O número de presos na Província de Buenos Aires cresceu em 13%, enquanto o crescimento a nível nacional foi de 41%. Nos últimos 10 anos, o aumento do número de presos triplicou o do aumento da população do país.

Costuma-se dizer que nossas penitenciárias estão cheias de estrangeiros. Os dados indicam que 5,9% dos presos são estrangeiros (2017), apenas um pouco mais que a proporção de estrangeiros residentes no país: 4,8%.

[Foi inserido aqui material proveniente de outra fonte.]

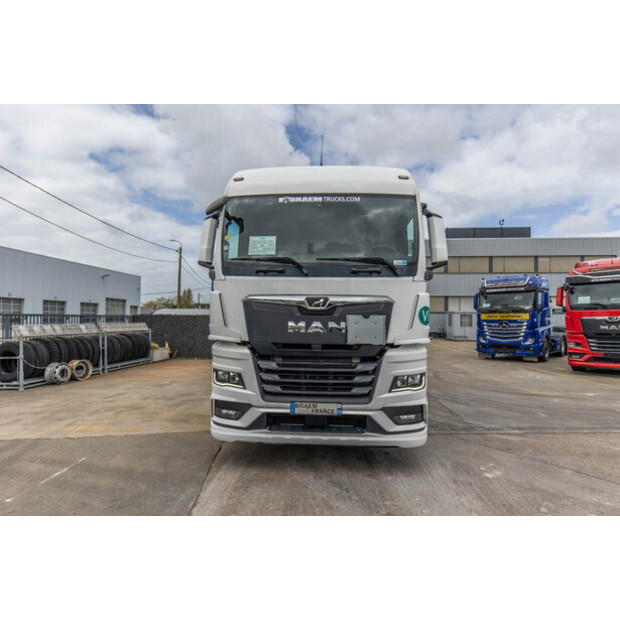 2021 مان TGX 18.470-46498582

Nacionalmente, dois de cada três presos são menores de 35 anos e 72% deles não terminou a escola primária – e todos esses, obviamente, são do setor mais pobre da população. Aqui temos um dos grandes paradoxos do sistema no qual vivemos. É uma autêntica fábrica de pobres, mas também tem um método para reduzir seus efeitos: encarceramento em massa. Os efeitos dessa política são evidentes, com as celas superpovoadas se transformando em verdadeiras escolas do crime.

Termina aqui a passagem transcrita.